[Dataset entries — start]

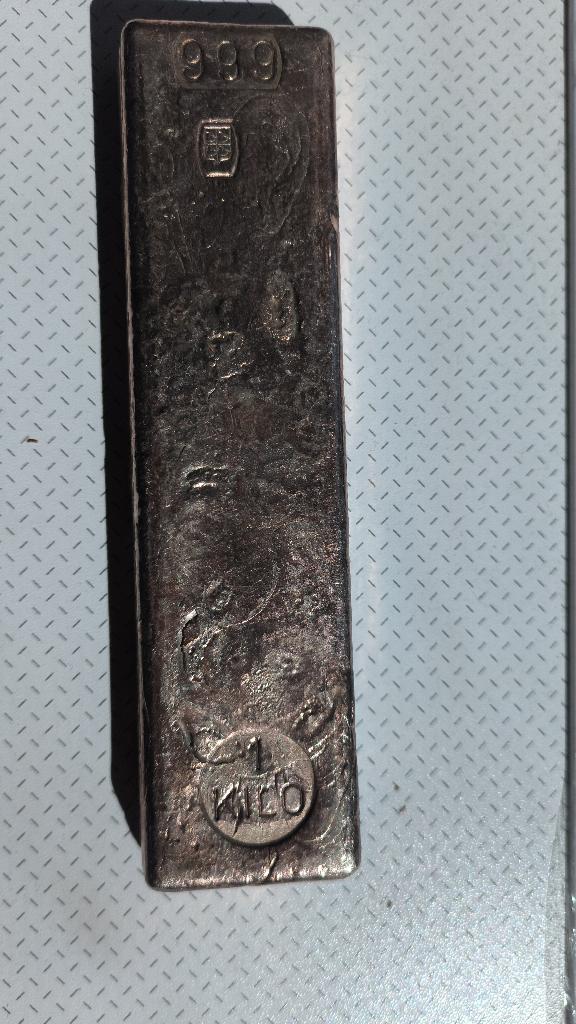 Zeldzame Vintage Zilverbaar 1 Kilo (999) - ETMA België, Ophalen of Verzenden, Zilver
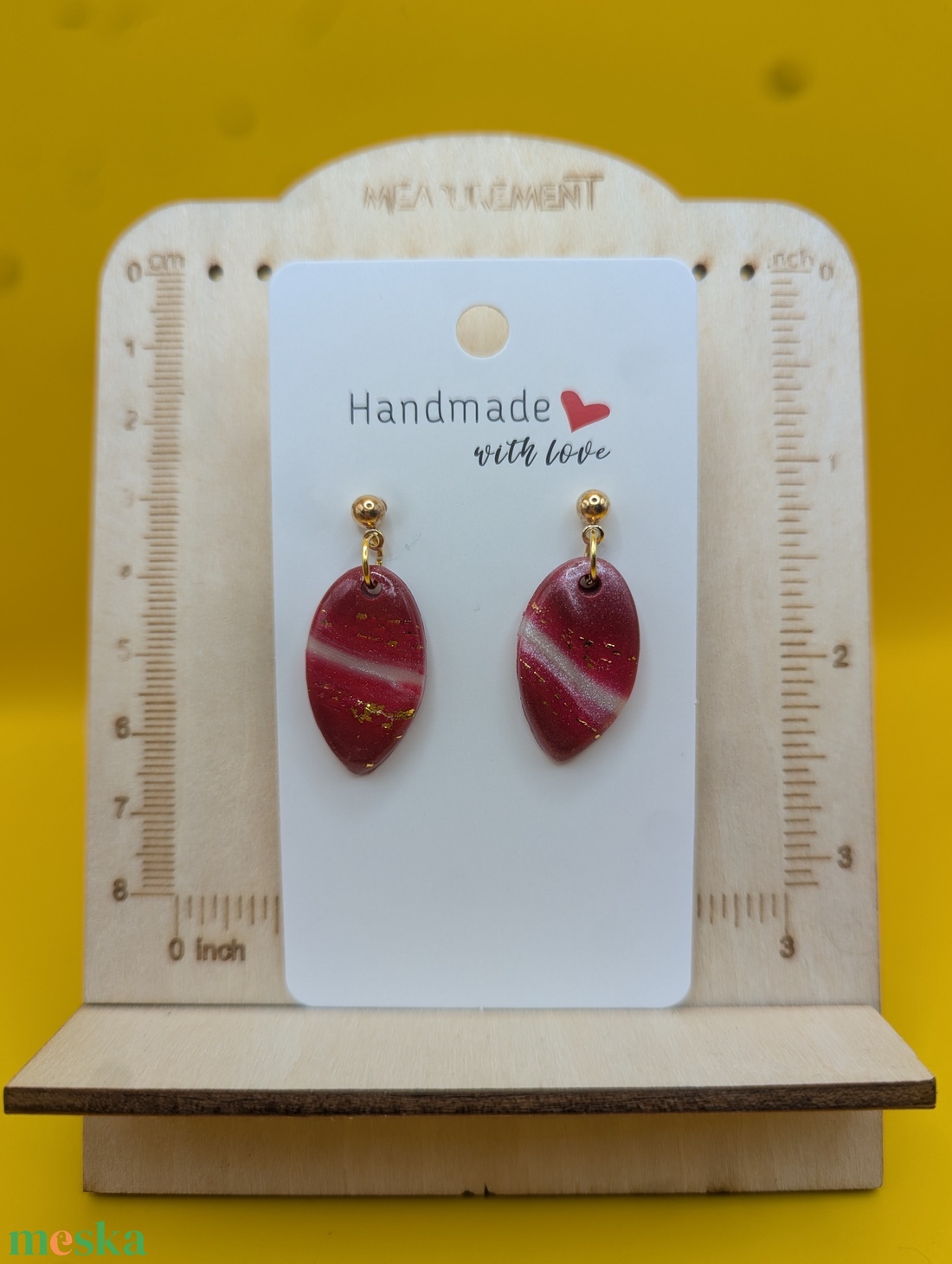 Kézműves fülbevaló polimer gyurmából (polymer clay)  - csepp - 107 - ékszer - fülbevaló - lógó fülbevaló - Meska.hu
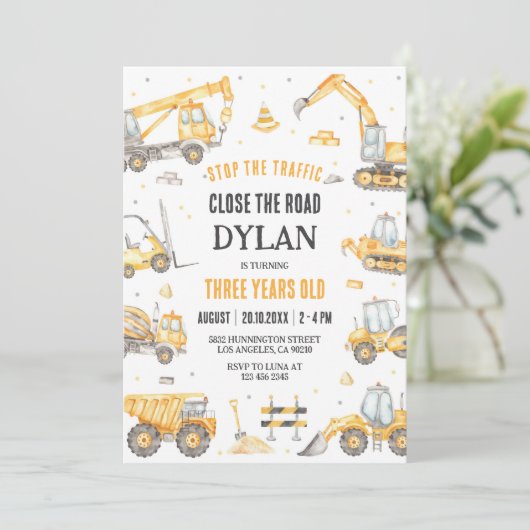 Construction Boy Birthday Invitation Kaart (Staand voorkant)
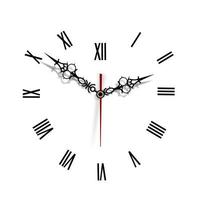 mockup del quadrante dell'orologio. Lancette delle ore, dei minuti e dei secondi con scala temporale per orologi vintage con numeri romani. modello isolato vettore 3D.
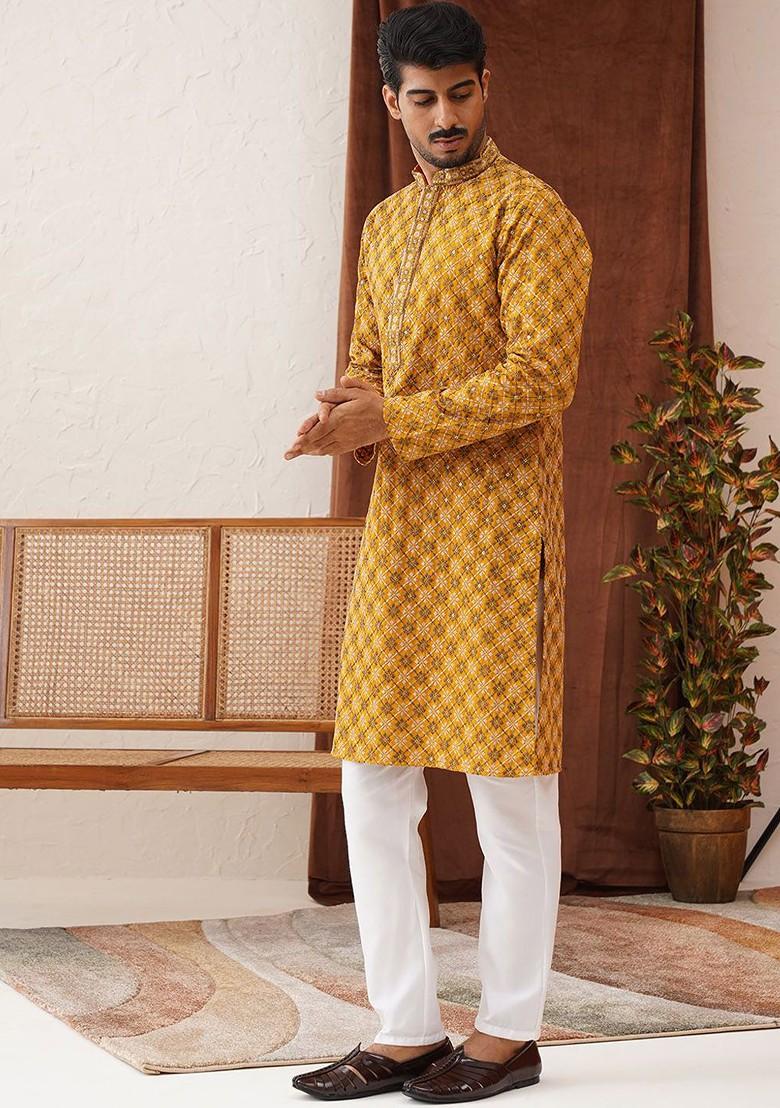 Mustard Yellow Embroidered Poly Blend Kurta Set For Men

[Dataset entries — finish]

> **Task statement**:
In the answer, retype exactly and only the lines from the one holding "Kézműves fülbevaló polimer" through the end of the listing, keeping both ends and dropping every picture.

> **Result below**:
 Kézműves fülbevaló polimer gyurmából (polymer clay)  - csepp - 107 - ékszer - fülbevaló - lógó fülbevaló - Meska.hu
 Construction Boy Birthday Invitation Kaart (Staand voorkant)
 mockup del quadrante dell'orologio. Lancette delle ore, dei minuti e dei secondi con scala temporale per orologi vintage con numeri romani. modello isolato vettore 3D.
 Mustard Yellow Embroidered Poly Blend Kurta Set For Men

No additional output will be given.